But while Petraeus is skewed by political cartoonists on editorial pages, the sinners of yore faced the scathing brush of William Hogarth.
Often called the father of pictorial satire, Hogarth used his artistic talent and sharp wit to shine a spotlight on the sins of 18th-century London. Local collector Andrew Burgin describes Hogarth as “a master satirist,” his work a “sly allusion to what was going on at the time.”
An exhibition of Hogarth’s etchings and engravings, on loan from Burgin, is on exhibit through Dec. 30 at the Public Library of Anniston-Calhoun County. Acquired by Burgin more than 40 years ago at an estate sale in Tallahassee, Fla., the 30 original prints were produced in the mid-1700s.
“They are all over 250 years old,” Burgin pointed out. “I feel certain this is a once-in-a-lifetime opportunity for Anniston and Calhoun County.”
According to library director Teresa Kiser, it is the oldest, most historic exhibit the library has ever presented.
Hogarth’s innovations in satirical art created a genre where there was none, paving the way for the political cartoons and comic strips we know today.
His artwork overflows with intricate details and hidden meaning — and more plot twists than a CIA scandal.
“Every little thing has some sort of meaning,” Kiser said. “You would have had to live during that time to understand all of the nuances.”

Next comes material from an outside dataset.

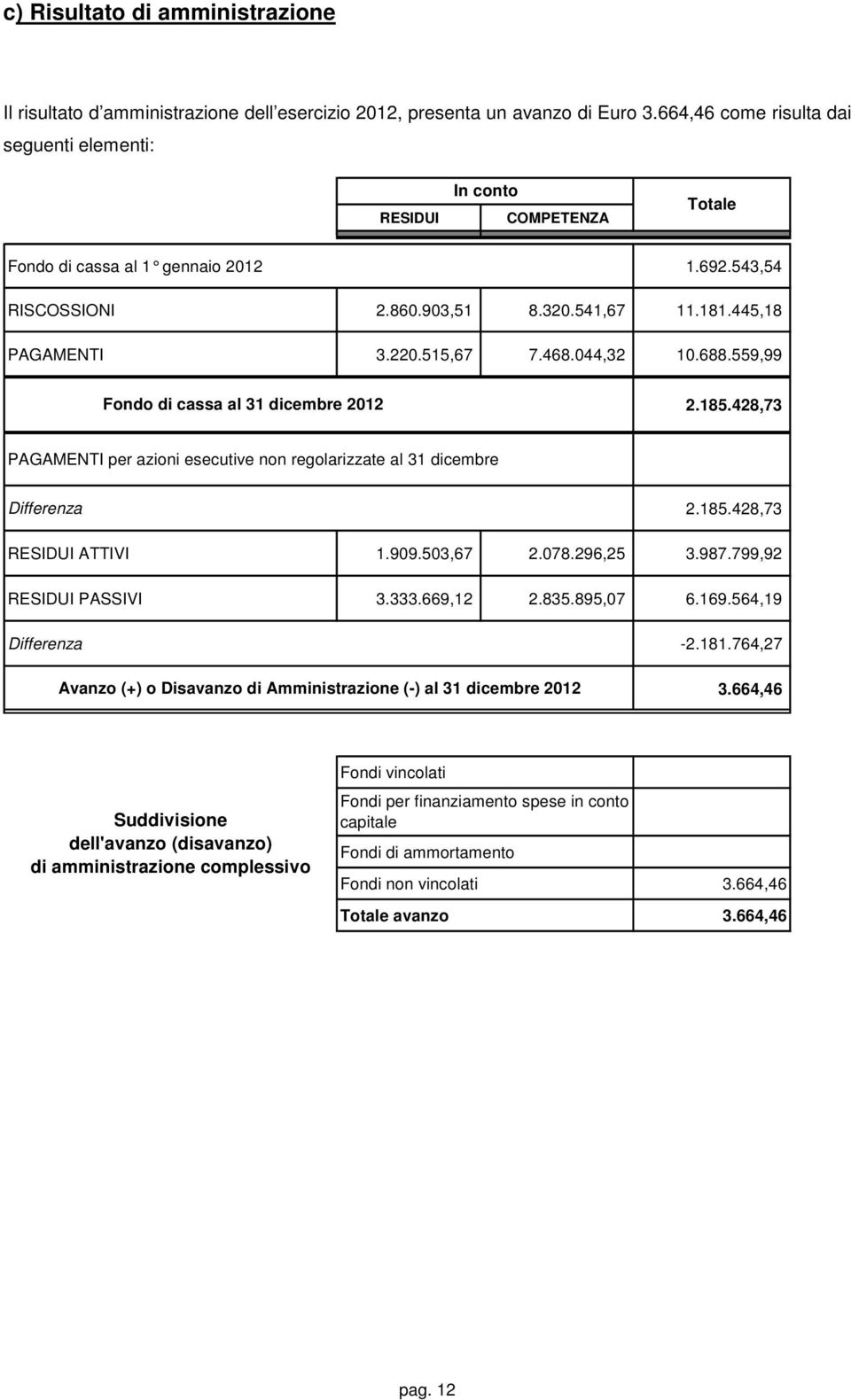 515,67 7.468.044,32 10.688.559,99 Fondo di cassa al 31 dicembre 2012 2.185.428,73 PAGAMENTI per azioni esecutive non regolarizzate al 31 dicembre Differenza 2.185.428,73 RESIDUI ATTIVI 1.909.503,67 2.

Nowhere is this better illustrated than in one of Hogarth’s most famous works, “Industry and Idleness.” Included in the exhibit are four prints from the series, which charts the course of two very different apprentices. Hogarth foreshadows the fate of his idle apprentice in forgotten corners of each scene. A discarded copy of “Moll Flanders,” the tale of a fallen woman, can be found in the first print. Later, Idle’s hooker friend is seen admiring an earring shaped like a gallows.
“He was a very earthy man,” Burgin said by way of explanation. “The times were earthy.”
Although more than 250 years old, the “earthy” times Hogarth captures are not hard to imagine today. A man murders his pregnant mistress in a jealous rage. A mother weeps for her rebellious son who’s turned to gambling and theft.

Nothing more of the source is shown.